Le mois de juin, c’est rempli d’événements sympathiques mais très fatigants car extrêmement ponctuels, et souvent il faut bien l’avouer dénués de sens. On ne voit finalement rien passer. Les jolies choses sont vite vues.  Ca pourrait être très joyeux et un peu fou, si on était tous conscients du truc, et qu’on filait dans ce mois de juin vraiment tous ensemble, mains accrochées,  échevelés, légers. Un peu comme dans le film Bande à part, ou comment visiter le Louvre en 9 minutes 43 secondes.

laisser le temps au temps

Ca y est, la saison des déplacements est terminée. Heureuse de pouvoir me poser et écrire enfin sereinement. C’est  ennuyeux pour moi, en tout cas contre-productif, que j’aie autant besoin de liberté devant moi, de journées grandes ouvertes comme des fenêtres afin de pouvoir y laisser s’envoler mon imaginaire. J’envie parfois les écrivains capables d’écrire dans tout moment creux qui se présente, et n’importe où. J’ai besoin quant à moi de solitude et de grandes plages de liberté, devant un horizon vierge. J’apprends à l’accepter, et à vivre pleinement dans les temps d’horizon perturbé par des lames de vie. Et (c’est un peu un message perso pour qui se reconnaîtra) : si on commence à raisonner en terme de productivité littéraire, c’est un peu la fin des haricots !

Voici à ce propos une photo que j’aime beaucoup d’un écrivain au travail. Un écrivain particulier, qui savait doser voyages et écriture. Il notait tout en vivant, puis rentrait, se posait et vivait en écrivant. Il s’agit de Nicolas Bouvier.

prix ados du Pas-de-Calais pour Vanilles et Chocolats

Voilà qui va vous donner une petite idée d’où je reviens juste :

C’était le paillasson du gîte où j’étais hébergée. En face, y’avait une friterie (mais non, je ne véhicule pas des stéréotypes, c’est juste la vérité vraie : là-bas on voit des friteries partout).

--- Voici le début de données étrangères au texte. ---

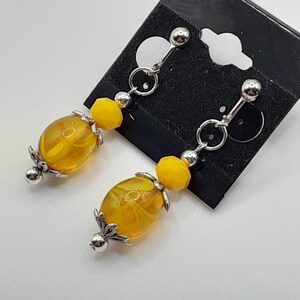 Yellow Dangle Clip On  Earrings  Yellow Jewelry  Summer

Hier donc rencontre à Oye-Plage, avec les 200 lecteurs qui ont aimé Vanilles et Chocolats, et qui l’ont primé (encore merci à eux). Anciennement il s’agissait du prix Ruralivres, qui s’est scindé en deux. A Oye-Plage, ils se concentrent sur les CM2-6e. Rencontres (bavardes ;-)), sandwiches au pâté et méthode traditionnelle (c’est un truc à boire) : c’est toujours enrichissant de voir du pays !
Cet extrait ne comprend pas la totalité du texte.